What’s happening with Dan Fouts on TV?

At 68 years old and with networks always chasing more recently retired quarterbacks like Peyton Manning and Jay Cutler as their NFL game analysts, Dan Fouts doesn’t have many options if he wants to continue working.

The New York Post broke the news that Dan Fouts isn’t being offered a new contract by CBS to do color commentary on NFL games for the upcoming season. Fouts landed at the network in 1988 after retiring and left in 1994 but returned in 2008.

His career has seen Fouts work NFL or college games at CBS, ABC, and ESPN. He’s also mixed in radio work and was the sports anchor for a time at a San Francisco TV station.

Fouts was never part of the No. 1 announcing team at CBS, but he was in the ABC booth with Al Michaels and Dennis Miller for Monday Night Football in 2000 and 2001. He followed that with four seasons of doing college games alongside announcing icon Keith Jackson.

Most recently, Fouts and Ian Eagle were the No. 2 CBS broadcasting team behind Jim Nantz and Tony Romo, the former Dallas Cowboys quarterback who just received a huge contract extension. Had he stayed, Fouts would have been in line to handle the extra wildcard playoff game the network picked up after NFL owners expanded the playoff fields to seven teams per conference.

Dan Fouts ran one of the great NFL offenses

Dan Fouts’ run as a broadcaster has been impressive for its duration but most football fans will first and foremost remember him as the quarterback who operated the Air Coryell offense of the San Diego Chargers in a career that ended with induction into the Pro Football Hall of Fame.

He spent all 15 of his NFL seasons with the San Diego Chargers. Fouts was at his absolute best from 1979 to 1983, when the led the NFL in passing yards per game each season. He threw 124 touchdown passes and went 44-23 in that span and was credited with engineering fourth-quarter comebacks in each of the Chargers’ three playoff wins.

Fouts was the first NFL quarterback to throw for 4,000 or more yards in three straight seasons and got San Diego to a pair of AFC Championship Games.

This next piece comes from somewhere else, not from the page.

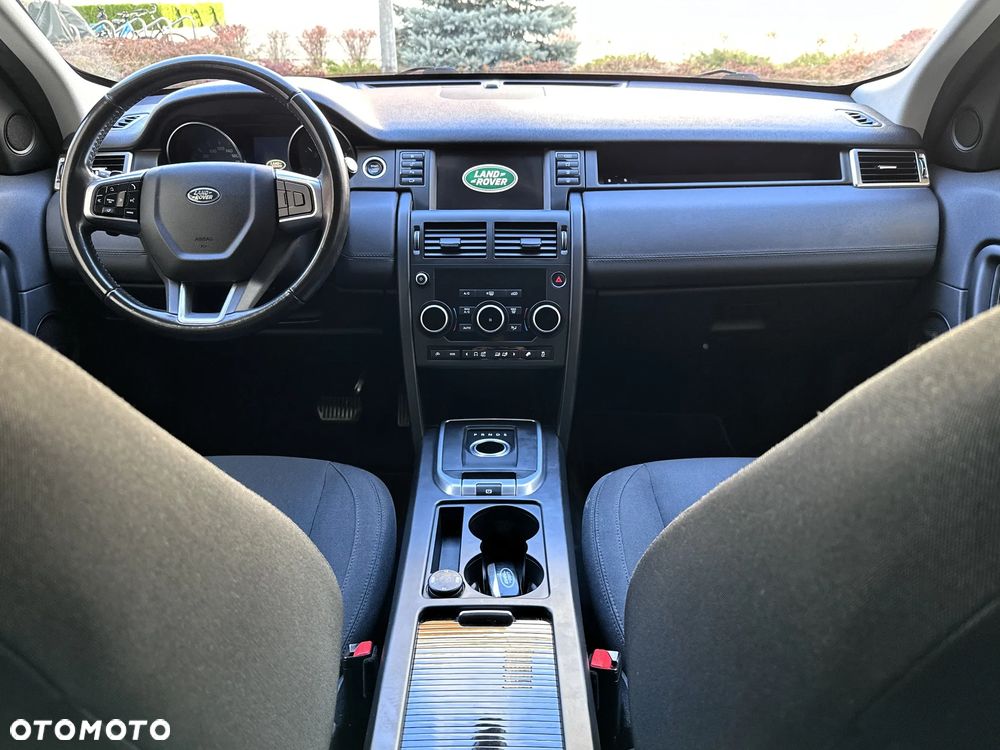 Land Rover Discovery Sport - 15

He was selected to the NFL All-Decade Team for the 1980s.

Fouts’ name made the news earlier in the week when Fox studio analyst Terry Bradshaw tabbed him has one of several quarterbacks he rated higher than Tom Brady.

Jay Cutler stands to benefit from the news

Placing Dan Fouts on the television version of waivers opens a seat in the CBS booth alongside Ian Eagle. The newspaper report said Fox color analyst Charles Davis agreed to change networks, which opens up his old job.

That raises the possibility that Jay Cutler could beat the odds and finally step into the booth at Fox. Cutler signed with that network once before but left in August 2017 without having worked a game when the Miami Dolphins recruited him as a replacement for the injured Ryan Tannehill.

Cutler has been biding time on his wife’s reality TV show and said he wants to get back into football as a game analyst. Fox appears to have a vacancy now, so it might happen.